Should You Buy a New Car Because You Can?
BY PETER GAERTNER
Understanding the time value of money when considering buying a new car.
Not a day goes by that I don’t get in or out of my 2012 Subaru Forester without thinking about “upgrading” to a newer model. Less mileage, better safety features, cutting-edge technology and of course that new car smell! Don’t get me wrong, I love the reliability of the crossover but what young professional doesn’t fantasize about driving the Ultimate German Driving Machine – especially when you were born in Germany!?
Then again, I rarely spend more than 2 hours a day in my car and use it primarily to drop off my kids at school and get to work and back home. Every few weeks, I will spend more time and miles in and on my car for away or out of state meetings but any time we take trips with the kids, we take the family minivan. I bought this car 5 years ago when it was already 3 years old with 35,000 miles on it. Five years later, I am at 85,000 miles and no issues or major repairs that were required except for new tires. One might say that I am about due for some hefty and healthy repairs and that this may be a good time to consider trading it in and replacing it with a new, or slightly used car, to avoid the expensive headaches down the road.

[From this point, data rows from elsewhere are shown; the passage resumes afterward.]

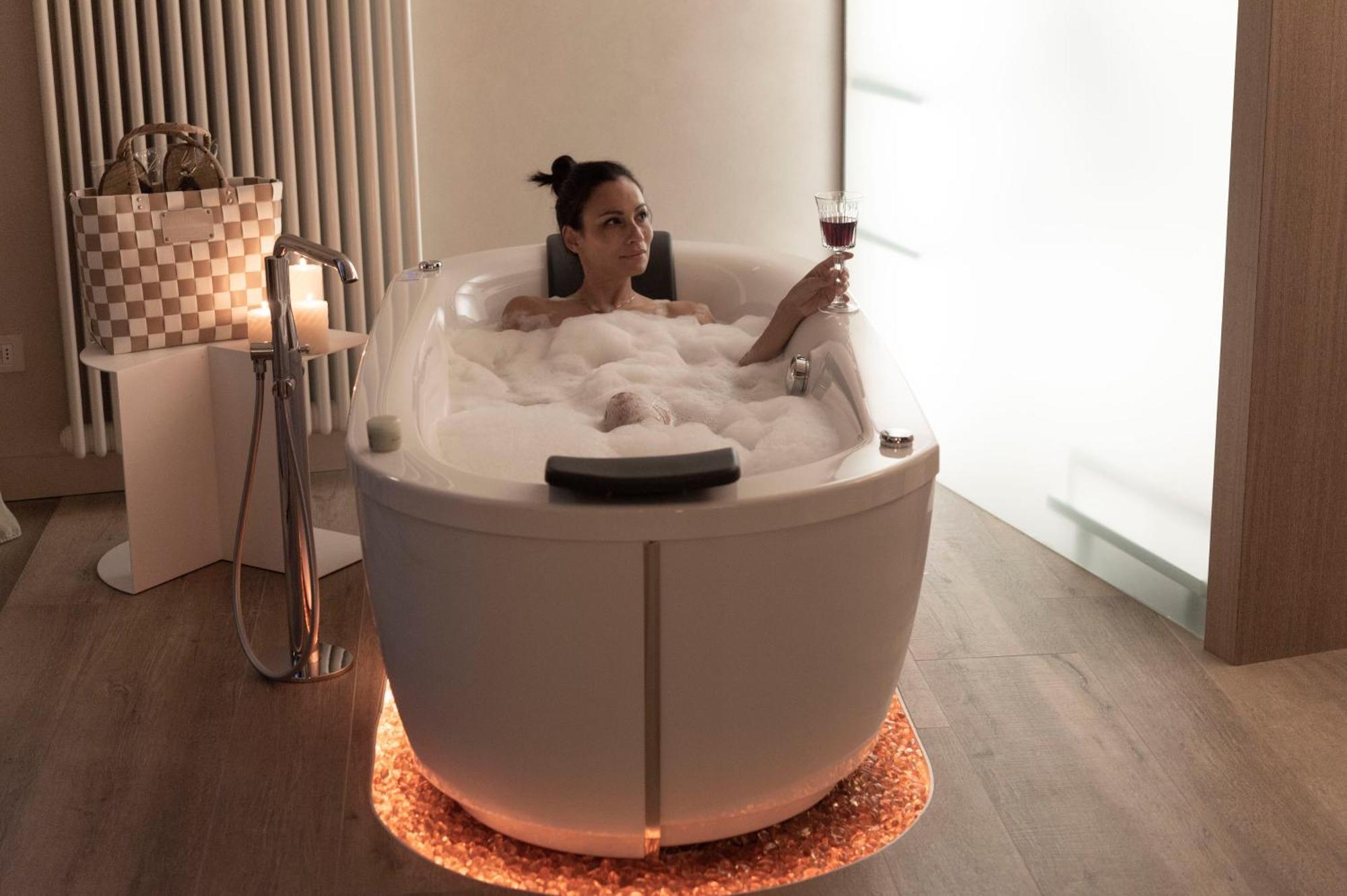 San Colombano Suites Бардолино Екстериор снимка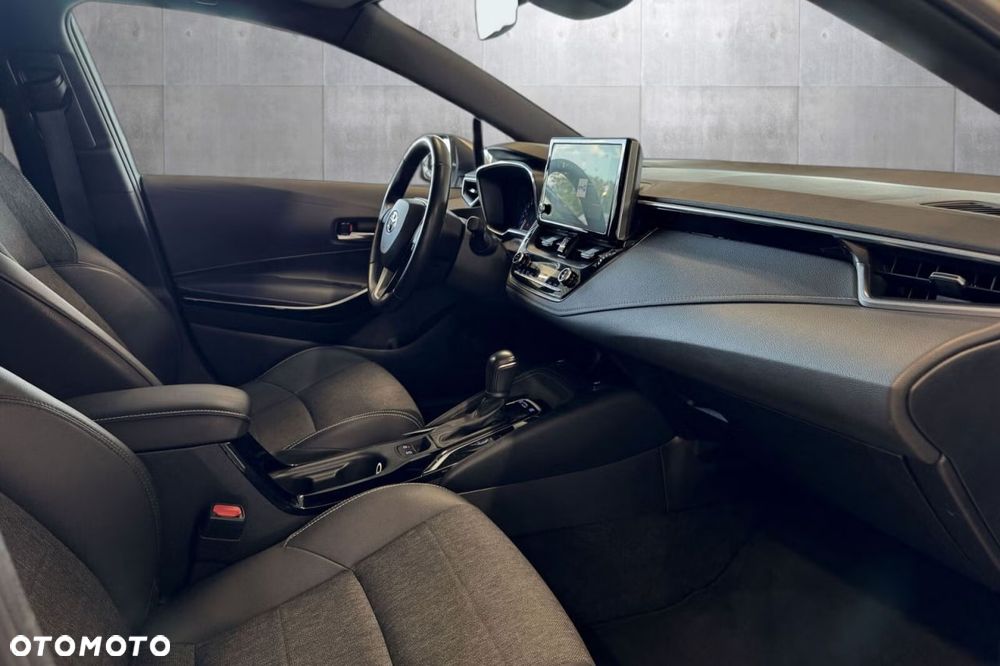 Toyota Corolla 1.8 Hybrid Active - 19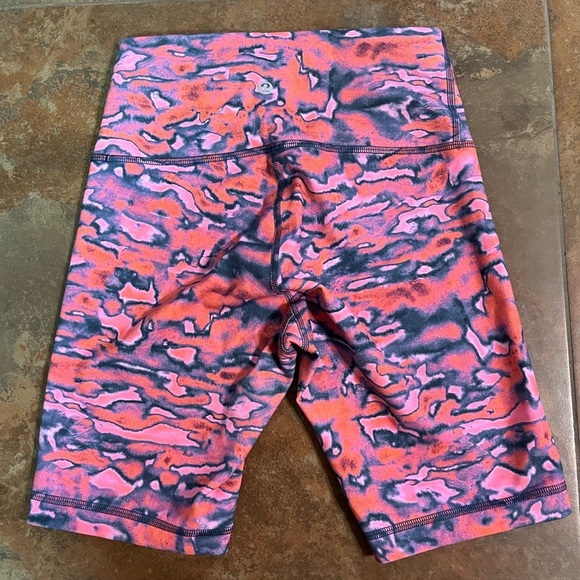 Lululemon wunder under shorts. Size 6 - Picture 3 of 8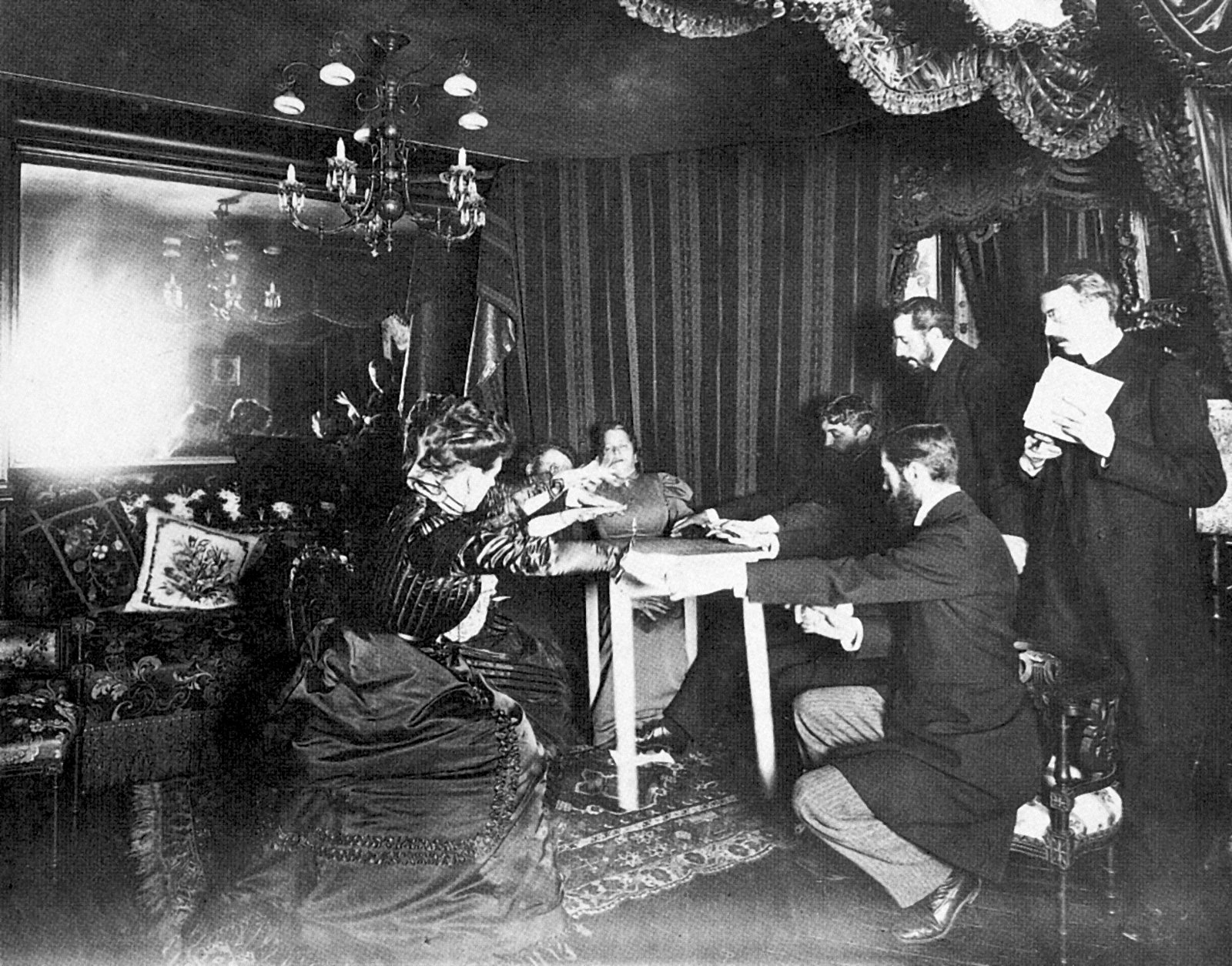 Filipův experiment: smyšlený duch, stolní seance a psychologie skupinového očekávání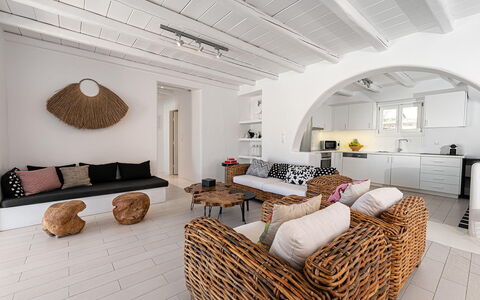 Villa Cocoon: Möbel, Couch, Interior Design, Flooring, Fussboden, Wohnzimmer, Zuhause, Decke, Tabelle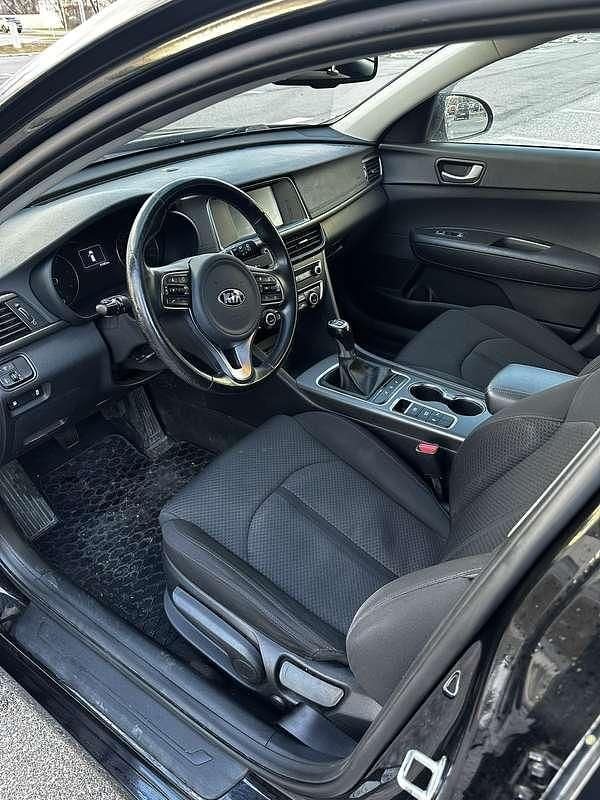 Gebraucht Kia Optima Silver 141 PS (103 kW) 2016 Schwarz Kombi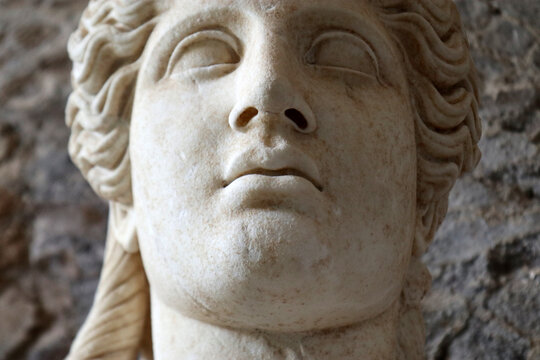 Testa di marmo di Atena Parthenos, Villa Adriana, Tivoli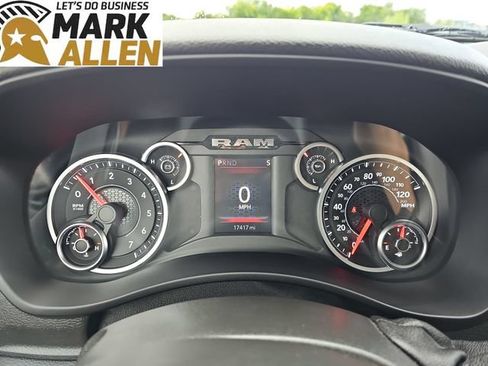 Used 2025 RAM 2500 Big Horn AWD/4WD image 11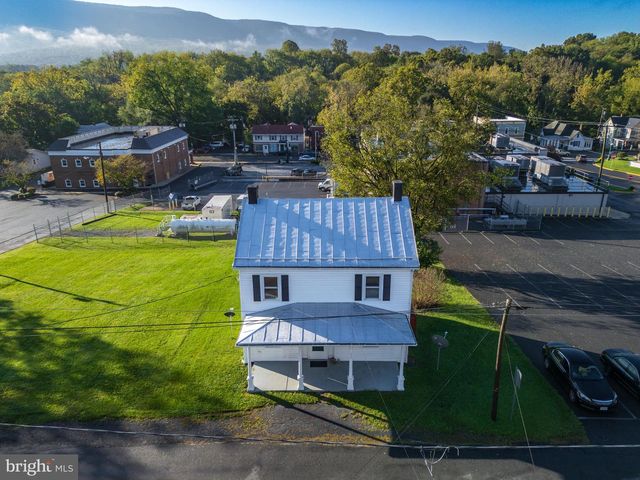 111 S HIGH STREET, Edinburg, VA 22824
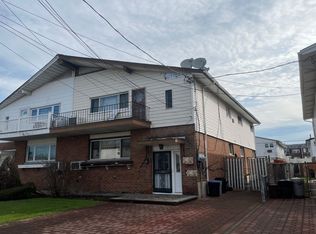 151-15 81st St, Howard Beach, NY 11414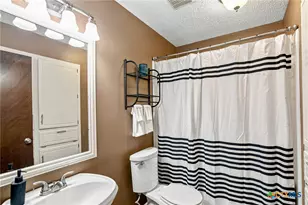 217 Kirkwall St, Victoria, TX 77904 - Photo 7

Unfortunately, as with many things in life, there is no one-size-fits-all answer. But I will share my opinion and preferences with you and hope it resonates with you as well at least when it comes to the numbers because, let’s face it that’s what I enjoy and obsess over.
When it comes to cars, I am a firm believer that there is no car cheaper than the one you currently drive and that’s, ideally, paid off. The average car or what seems to be popular these days, SUV, costs around $35,000 for the models I follow such as a slightly used Subaru Ascent. After trading in my current vehicle plus transfer and tax fees, let’s say the difference is a round $25,000 to keep the calculations easy. Unless you are buying a classic car, I would also argue that the value will go down the moment you take ownership and you leave the dealer’s lot.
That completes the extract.